Published:August 05, 2020DOI:https://doi.org/10.1016/j.ejmp.2020.07.022

      Abstract

      Purpose

      Dosomics is a novel texture analysis method to parameterize regions of interest and to produce dose features that encode the spatial and statistical distribution of radiotherapy dose at higher resolution than organ-level dose-volume histograms. This study investigates the stability of dosomics features extraction, as their variation due to changes of grid resolution and algorithm dose calculation.

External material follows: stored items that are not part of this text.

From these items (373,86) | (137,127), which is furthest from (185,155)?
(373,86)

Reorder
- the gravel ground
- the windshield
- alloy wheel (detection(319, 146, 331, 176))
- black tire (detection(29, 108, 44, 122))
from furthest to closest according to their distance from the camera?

      Material and Methods

      Dataset has been generated considering all the possible combinations of four grid resolutions and two algorithms dose calculation of 18 clinical delivered dose distributions, leading to a 144 3D dose distributions dataset. Dosomics features extraction has been performed with an in-house developed software. A total number of 214 dosomics features has been extracted from four different region of interest: PTV, the two closest OARs and a RING structure.
      Reproducibility and stability of each extracted dosomic feature (Rfe, Sfe), have been analyzed in terms of intraclass correlation coefficient (ICC) and coefficient of variation.

      Results

      Dosomics features extraction was found reproducible (ICC > 0.99). Dosomic features, across the combination of grid resolutions and algorithms dose calculation, are more stable in the RING for all the considered feature’s families. Sfe is higher in OARs, in particular for GLSZM features’ families. Highest Sfe have been found in the PTV, in particular in the GLCM features’ family.

      Conclusion

      Stability and reproducibility of dosomics features have been evaluated for a representative clinical dose distribution case mix. These results suggest that, in terms of stability, dosomic studies should always perform a reporting of grid resolution and algorithm dose calculation.